- Born: 28 October 1892 Rajkot, Rajkot State, British India
- Died: 5 April 1956 (aged 63) Phoenix, Natal Province, South Africa
- Spouse: Sushila Mashruwala (1927–1956)
- Children: Sita; Arun; Ela;
- Parent(s): Mahatma Gandhi Kasturba Gandhi

= Manilal Gandhi =

Son of Mahatma Gandhi

Manilal Mohandas Gandhi (28 October 1892 – 5 April 1956) was the second son of Mahatma Gandhi and Kasturba Gandhi.

==Biography==
Manilal was born in Rajkot, British India, the second of four sons of Mohandas Gandhi and Kasturba Gandhi. He had an older brother, Harilal, and two younger brothers, Ramdas and Devdas.

Manilal's early years were spent in Rajkot, and it was in 1897 that he traveled to South Africa for the first time (his father having moved there several years previously). The family lived for a time in Durban and Johannesburg. Between 1906 and 1914, he lived at the Phoenix Settlement (in KwaZulu-Natal) and Tolstoy Farm (in Gauteng), both settlements established by his father.

After a brief visit to India (accompanying his parents), Manilal returned to South Africa in 1917 to assist in printing the Indian Opinion, a Gujarati-English weekly publication, at Phoenix, Durban. By 1918, Manilal was doing most of the work for the press, and in 1920, he took over as editor. He remained editor of Indian Opinion until 1956, the year of his death. Manilal died from a cerebral thrombosis following a stroke.

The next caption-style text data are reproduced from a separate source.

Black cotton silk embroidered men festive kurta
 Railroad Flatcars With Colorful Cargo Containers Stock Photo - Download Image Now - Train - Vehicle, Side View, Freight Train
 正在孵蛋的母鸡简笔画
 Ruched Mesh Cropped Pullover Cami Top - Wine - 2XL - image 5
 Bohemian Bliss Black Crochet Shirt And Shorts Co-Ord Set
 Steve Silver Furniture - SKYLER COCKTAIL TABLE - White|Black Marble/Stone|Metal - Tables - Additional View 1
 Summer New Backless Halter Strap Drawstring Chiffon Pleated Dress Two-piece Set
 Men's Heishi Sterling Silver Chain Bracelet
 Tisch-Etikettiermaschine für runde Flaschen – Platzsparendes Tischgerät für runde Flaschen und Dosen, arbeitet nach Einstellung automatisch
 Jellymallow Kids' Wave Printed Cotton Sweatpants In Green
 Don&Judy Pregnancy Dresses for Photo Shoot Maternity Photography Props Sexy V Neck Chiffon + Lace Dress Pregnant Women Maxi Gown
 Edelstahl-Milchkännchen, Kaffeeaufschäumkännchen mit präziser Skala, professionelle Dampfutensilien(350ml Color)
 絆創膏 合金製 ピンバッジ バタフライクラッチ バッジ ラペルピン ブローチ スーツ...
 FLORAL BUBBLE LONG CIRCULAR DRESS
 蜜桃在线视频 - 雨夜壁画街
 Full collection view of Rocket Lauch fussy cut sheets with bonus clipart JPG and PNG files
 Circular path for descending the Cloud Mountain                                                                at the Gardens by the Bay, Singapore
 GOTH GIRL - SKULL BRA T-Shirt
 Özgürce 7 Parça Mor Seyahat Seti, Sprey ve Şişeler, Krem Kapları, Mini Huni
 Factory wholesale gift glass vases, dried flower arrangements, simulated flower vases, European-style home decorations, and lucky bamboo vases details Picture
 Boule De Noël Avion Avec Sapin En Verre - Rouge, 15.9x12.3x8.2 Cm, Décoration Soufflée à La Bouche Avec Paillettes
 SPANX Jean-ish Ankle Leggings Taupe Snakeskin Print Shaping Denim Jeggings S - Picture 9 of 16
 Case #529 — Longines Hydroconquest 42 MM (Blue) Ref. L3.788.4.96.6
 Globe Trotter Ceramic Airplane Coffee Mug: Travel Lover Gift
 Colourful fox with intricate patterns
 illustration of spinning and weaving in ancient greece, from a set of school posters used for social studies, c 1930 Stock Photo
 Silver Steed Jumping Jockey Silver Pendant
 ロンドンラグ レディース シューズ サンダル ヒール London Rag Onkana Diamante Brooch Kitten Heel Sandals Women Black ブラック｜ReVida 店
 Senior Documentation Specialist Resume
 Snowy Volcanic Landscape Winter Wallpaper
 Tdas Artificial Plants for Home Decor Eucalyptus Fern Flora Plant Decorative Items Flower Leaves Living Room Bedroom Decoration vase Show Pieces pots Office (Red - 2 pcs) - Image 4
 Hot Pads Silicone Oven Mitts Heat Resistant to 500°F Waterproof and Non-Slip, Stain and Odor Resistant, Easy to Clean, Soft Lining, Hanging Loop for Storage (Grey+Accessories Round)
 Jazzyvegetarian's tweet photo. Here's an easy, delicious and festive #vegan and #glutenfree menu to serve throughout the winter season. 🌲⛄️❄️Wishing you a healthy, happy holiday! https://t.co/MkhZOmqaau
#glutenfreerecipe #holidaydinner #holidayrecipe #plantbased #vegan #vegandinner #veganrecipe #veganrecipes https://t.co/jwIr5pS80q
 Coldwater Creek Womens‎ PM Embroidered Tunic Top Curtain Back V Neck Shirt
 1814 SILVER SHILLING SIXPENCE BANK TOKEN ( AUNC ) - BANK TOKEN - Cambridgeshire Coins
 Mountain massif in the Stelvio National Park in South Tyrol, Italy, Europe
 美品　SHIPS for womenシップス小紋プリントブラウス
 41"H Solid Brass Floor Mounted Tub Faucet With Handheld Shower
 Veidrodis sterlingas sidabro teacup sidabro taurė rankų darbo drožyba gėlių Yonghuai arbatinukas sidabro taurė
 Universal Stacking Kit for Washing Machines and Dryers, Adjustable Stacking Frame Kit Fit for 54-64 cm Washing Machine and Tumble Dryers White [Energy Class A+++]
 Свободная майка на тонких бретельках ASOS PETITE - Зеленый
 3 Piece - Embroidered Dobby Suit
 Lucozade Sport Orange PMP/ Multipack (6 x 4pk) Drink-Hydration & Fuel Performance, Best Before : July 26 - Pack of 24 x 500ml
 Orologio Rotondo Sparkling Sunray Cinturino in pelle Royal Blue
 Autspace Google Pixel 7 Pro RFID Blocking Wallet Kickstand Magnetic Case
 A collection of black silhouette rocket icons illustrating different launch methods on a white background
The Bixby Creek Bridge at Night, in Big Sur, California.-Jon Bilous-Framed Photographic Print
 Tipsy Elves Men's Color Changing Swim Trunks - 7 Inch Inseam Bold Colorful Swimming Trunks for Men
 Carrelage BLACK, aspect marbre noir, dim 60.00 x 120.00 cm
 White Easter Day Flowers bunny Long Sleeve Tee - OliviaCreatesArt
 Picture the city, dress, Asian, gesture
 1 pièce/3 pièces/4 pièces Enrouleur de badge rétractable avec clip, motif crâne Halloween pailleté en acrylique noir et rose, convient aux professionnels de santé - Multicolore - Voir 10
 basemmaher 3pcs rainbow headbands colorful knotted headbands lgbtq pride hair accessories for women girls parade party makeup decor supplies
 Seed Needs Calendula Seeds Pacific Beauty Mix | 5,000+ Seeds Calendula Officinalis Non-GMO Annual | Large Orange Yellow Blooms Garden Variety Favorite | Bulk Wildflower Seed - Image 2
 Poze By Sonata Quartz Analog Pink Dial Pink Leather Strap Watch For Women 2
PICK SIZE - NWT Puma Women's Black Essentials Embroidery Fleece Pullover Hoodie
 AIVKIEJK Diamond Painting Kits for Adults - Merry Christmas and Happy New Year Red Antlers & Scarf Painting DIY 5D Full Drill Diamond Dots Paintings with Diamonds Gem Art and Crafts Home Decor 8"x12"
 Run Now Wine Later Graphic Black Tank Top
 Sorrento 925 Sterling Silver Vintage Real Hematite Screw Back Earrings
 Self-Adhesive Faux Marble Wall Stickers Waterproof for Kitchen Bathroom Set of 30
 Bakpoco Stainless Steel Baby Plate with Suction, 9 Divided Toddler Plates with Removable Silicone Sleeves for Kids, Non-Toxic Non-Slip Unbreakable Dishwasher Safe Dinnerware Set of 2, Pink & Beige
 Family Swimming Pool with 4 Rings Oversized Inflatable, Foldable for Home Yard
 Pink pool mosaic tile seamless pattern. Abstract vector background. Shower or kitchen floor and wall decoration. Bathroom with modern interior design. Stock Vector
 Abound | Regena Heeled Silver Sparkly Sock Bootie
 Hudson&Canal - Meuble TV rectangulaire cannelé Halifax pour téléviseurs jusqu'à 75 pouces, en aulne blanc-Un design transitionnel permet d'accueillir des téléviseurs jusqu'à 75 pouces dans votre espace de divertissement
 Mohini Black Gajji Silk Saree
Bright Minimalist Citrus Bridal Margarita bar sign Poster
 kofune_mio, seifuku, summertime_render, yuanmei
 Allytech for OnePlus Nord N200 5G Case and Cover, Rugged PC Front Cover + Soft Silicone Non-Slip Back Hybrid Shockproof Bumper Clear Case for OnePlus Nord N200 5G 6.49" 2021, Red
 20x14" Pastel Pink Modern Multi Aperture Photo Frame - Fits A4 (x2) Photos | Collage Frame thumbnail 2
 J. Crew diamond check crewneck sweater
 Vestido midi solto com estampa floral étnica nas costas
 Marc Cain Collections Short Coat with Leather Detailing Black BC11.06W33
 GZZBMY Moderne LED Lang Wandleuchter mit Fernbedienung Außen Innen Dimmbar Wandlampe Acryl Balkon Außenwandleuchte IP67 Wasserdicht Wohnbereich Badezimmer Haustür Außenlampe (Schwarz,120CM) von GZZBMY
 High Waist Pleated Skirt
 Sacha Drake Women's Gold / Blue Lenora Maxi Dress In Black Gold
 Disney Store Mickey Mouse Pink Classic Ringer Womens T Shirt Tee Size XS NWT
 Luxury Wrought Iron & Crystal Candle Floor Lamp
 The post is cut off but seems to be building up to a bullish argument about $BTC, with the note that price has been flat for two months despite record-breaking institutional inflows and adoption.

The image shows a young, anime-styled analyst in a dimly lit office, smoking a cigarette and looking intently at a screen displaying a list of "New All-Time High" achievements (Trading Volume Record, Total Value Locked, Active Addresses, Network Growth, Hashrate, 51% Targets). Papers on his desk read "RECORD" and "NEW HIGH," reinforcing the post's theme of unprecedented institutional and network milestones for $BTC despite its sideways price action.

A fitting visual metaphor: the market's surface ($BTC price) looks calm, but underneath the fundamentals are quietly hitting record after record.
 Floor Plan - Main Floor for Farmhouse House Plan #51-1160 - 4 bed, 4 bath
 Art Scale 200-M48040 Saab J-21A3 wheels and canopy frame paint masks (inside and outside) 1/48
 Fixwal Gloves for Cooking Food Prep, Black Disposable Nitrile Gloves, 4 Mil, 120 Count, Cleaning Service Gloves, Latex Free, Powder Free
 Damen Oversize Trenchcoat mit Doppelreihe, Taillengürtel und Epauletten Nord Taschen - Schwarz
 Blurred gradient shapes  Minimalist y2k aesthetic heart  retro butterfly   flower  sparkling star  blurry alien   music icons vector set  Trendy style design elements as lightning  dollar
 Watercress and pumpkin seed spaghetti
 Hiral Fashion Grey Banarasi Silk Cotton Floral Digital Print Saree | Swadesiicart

Like his father, Manilal was also sent to prison several times by the British colonial government after protesting against what he perceived as unjust laws. He was one of the initial 78 marchers to accompany Gandhi on the 1930 Salt March, for which he was imprisoned.

==Personal life==
In 1926, Manilal informed his father Mahatma Gandhi about Fatima Gool, with whom he had fallen in love in South Africa. Fatima was a Muslim of Gujrati descent. But Gandhi conveyed his disagreement because of the different religions of the two and wrote:If you stick to Hinduism and Fatima follows Islam it will be like putting two swords in one sheath; or you both may lose your faith. And then what should be your children's faith? ... It is not dharma, only adharma if Fatima agrees to conversion just for marrying you. Faith is not a thing like a garment which can be changed to suit our convenience.In 1927, Manilal married Sushila (24 August 1907 – 1988), a woman from his own community and similar background, in a match arranged by their families in the usual Indian way. Sushila was the daughter of Nanabhai Mashruwala of Akola, Bombay State, and the niece of Kishorlal Mashruwala, a close associate of Gandhi and a resident of Sevagram ashram. It was Mahatma Gandhi who sought her hand for his second son; the match was arranged, and after the wedding, Sushila duly joined her husband in South Africa. They had three children:
- Sita Dhupelia (1928-1999), elder daughter
- Arun Manilal Gandhi (1934–2023), son
- Ela Gandhi Ramgobin (b. 1940), younger daughter

==Legacy==
Manilal's children Arun and Ela were also social-political activists. Uma D. Mesthrie, Sita's daughter, published a biography on Manilal.

==Notes==
- Mesthrie, Uma Dhupelia. Gandhi's Prisoner? The Life of Gandhi's Son Manilal. Permanent Black: Cape Town, South Africa, 2003.